Angesprochen auf die Auftragseingänge, die 2008 erneut über der Marke von 500 Mio EUR lagen, äußerten sich die Manager vor allem zu der Situation in den Segmenten Messtechnik sowie Verteidigung & Zivile Systeme zufrieden. Der hohe Auftragsbestand im größten Segment sichere Geschäftsvolumen auch in Zukunft. Wann Jenoptik den Auftrag im Zusammenhang mit dem "Puma"-Schützenpanzer buchen könne, sei indes unsicher. Das Unternehmen ist Projektpartner beim Puma-Projekt. Die Rheinmetall AG hatte vergangene Woche angekündigt, den Auftrag für den Schützenpanzer über 1,35 Mrd EUR im ersten Halbjahr 2009 zu erhalten.

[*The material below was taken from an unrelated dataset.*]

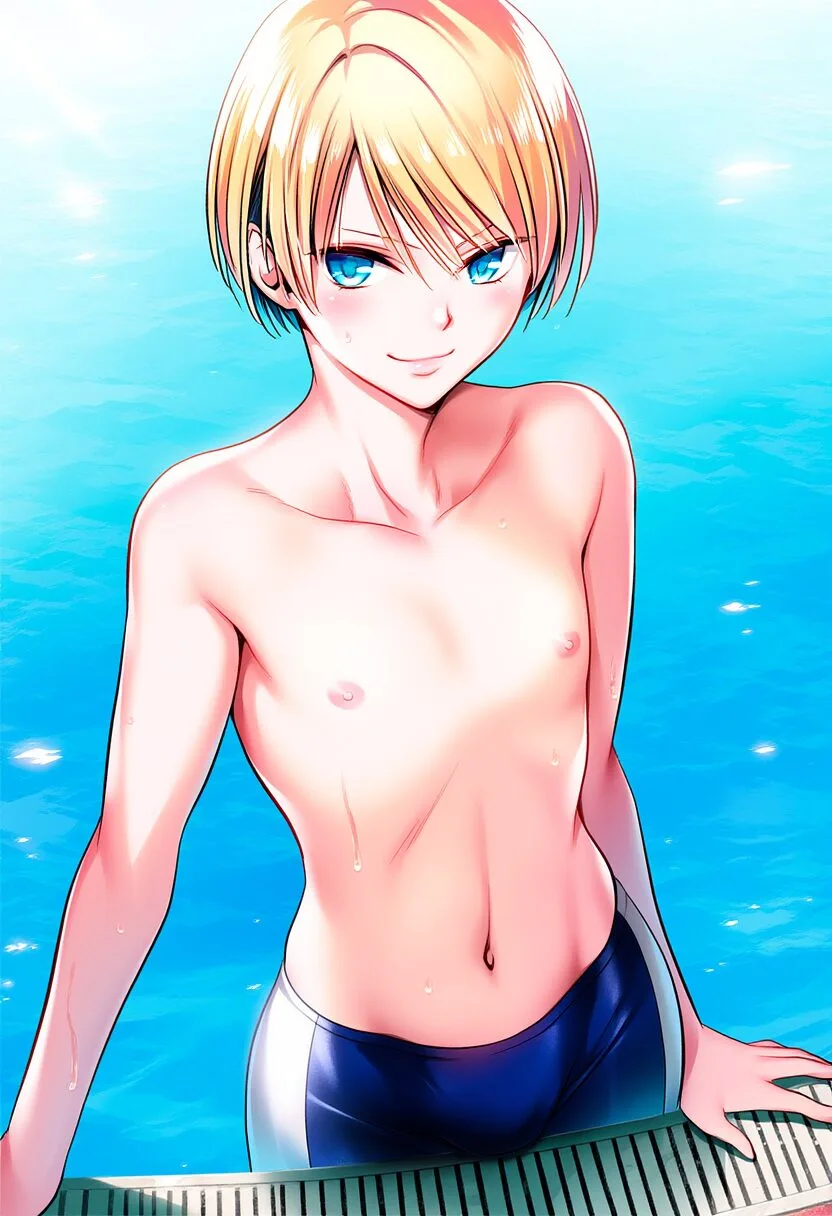 速水すみかはおっぱい見せてくれる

Auf die Frage, ob Jenoptik von den Verzögerungen bei dem Flugzeug A400M von Airbus betroffen ist, sagte Mertin: "Wir haben die Entscheidung getroffen, uns am A400M nicht zu beteiligen." Jenoptik baue für den A380 Liftsysteme und die ersten seien bereits ausgeliefert. Beim Militärtransporter sei man hingegen nicht engagiert.

Zum Ausblick auf das laufende Gesamtjahr wollten sich die beiden Manager nicht konkreter äußern als in dem am Freitag vorgelegten Geschäftsbericht 2008 und verwiesen auf das unsichere Umfeld. "Auf der einen Seite hängen wir an Industrien, die selber keine Prognose geben. Auf der anderen Seite laufen staatliche Konjunkturprogramme auf der ganzen Welt, von denen wir durchaus profitieren können", erklärte Mertin. "Diese Gewichtung im Detail vorzunehmen, ist aktuell - wie für viele andere auch - sehr schwer."

Klar ist aus Sicht des Konzerns bereits jetzt, dass Umsatz und Ergebnis von 2008 im laufenden Jahr nicht erneut erreicht werden.